The contract between the Serbian state and the Hilandar Monastery was concluded on 30 March 1900. Among other things, Serbia undertook to pay back the monastery's debt in its entirety, to provide the monastery with the annual relief in the amount of 1,000 lira, and to ensure that the original members of the fraternity were not driven out.
Bishop Dimitrije stayed at Hilandar between March and late May 1900. Three monastics accompanied him on his trip back from Mount Athos to Serbia, as they wanted to thank King Alexander Obrenović for his help. Hilandar remained Serbian and, if we take good care of it, will remain so forever.
THE MAY COUP
The murder of the King and Queen
The May Coup was a coup d'état in which King Alexander Obrenović and his wife, Queen Draga, were killed, bringing an end to the Obrenović Dynasty, which had ruled Serbia since the mid-19th century. After the May Coup, the Karađorđević dynasty took the throne of Serbia.
The event itself – the murder of the king and queen – was carried out by a group of army officer and civilian conspirators, led by officer Dragutin Dimitrijević Apis, on the night between 28 and 29 May 1903 (under the old calendar). The most prominent conspirators, led by Apis, had founded a shadow organization called Unification Or Death, better known as the Black Hand.
A KOMITADJI AT HILANDAR
A planned kidnapping
King Alexander Obrenović's visit to Mount Athos attracted the attention of different political circles and figures. Historian Vladimir Jovanović writes that at the time of the king's visit, Boris Safarov, a Macedonian Komitadji voivode and adventurer, was also at Hilandar, collecting money from a number of Zografos Monastery monks for a Chetnik organization in Macedonia. Disguised as a Russian monastic, Sarafov was at Hilandar at Easter and was able to shake hands with King Alexander. He even planned to hold the young king for ransom, and claimed that the majority of the Hilandar fraternity were very interested in Serbia's financial offer, as guaranteed by Alexander Obrenović.
THE MARRIAGE PROPOSAL
Travelling because of Princess Maria?
In April of 1896, sportsmen from 14 different countries arrived in Greece for the first Olympic Games in modern times. In contrast, only one foreign ruler arrived – the king of Serbia. Some researchers even claim that King Alexander travelled to Athens because of the daughter of the Greek King George. However, when he disembarked at the Port of Piraeus, Princess Maria was already promised in marriage to the grand duke of Russia. Had he not been late, the history of Serbia would have been different.
Simeon and Sava
The Hilandar Monastery was founded by George Chelandarios, a Greek monk from Mount Athos. It was reconstructed by Stefan Nemanja (monastic name Simeon) and his son Rastko, i.e. Saint Sava, in 1198. Stefan Nemanja passed away at the monastery in 1199.

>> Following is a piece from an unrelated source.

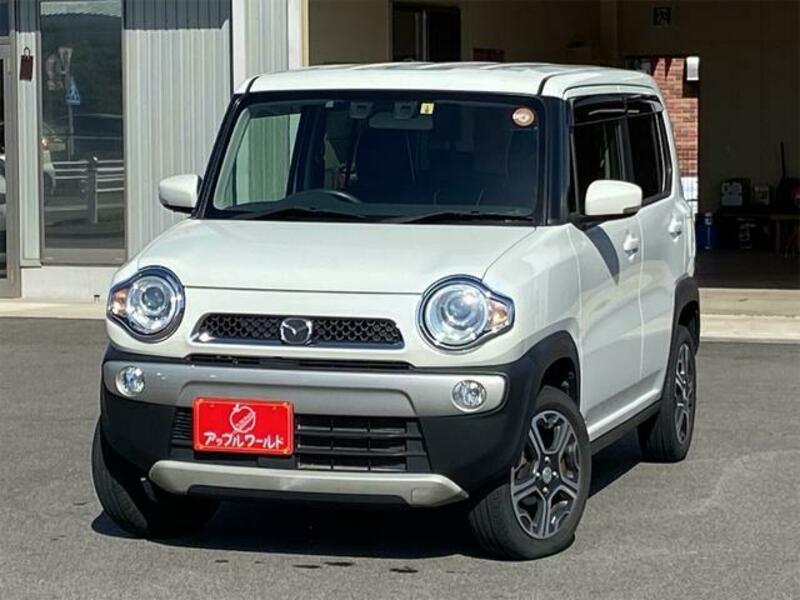 MAZDA FLAIR CROSSOVER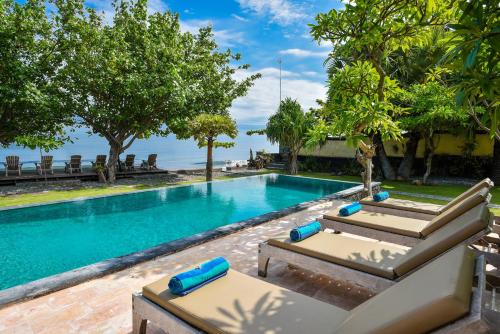 Villa Semadhi — 4-Star Luxury Hotel in Bali, Indonesia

King Stefan Uroš I fortified Hilandar in 1262. King Milutin provided considerable help to the monastery, erecting circa 1320 a new Church of the Presentation of the Blessed Virgin Mary in the place of the old one. During the reign of King (subsequently Emperor) Dušan, Mount Athos was brought back under his sway – a period of greatest prosperity of the monastery.
In modern times, the monastery was considerably damaged in 2004 in a catastrophic fire, followed by the reconstruction of the affected buildings. The monastery is currently under the jurisdiction of the Ecumenical Patriarchate of Constantinople.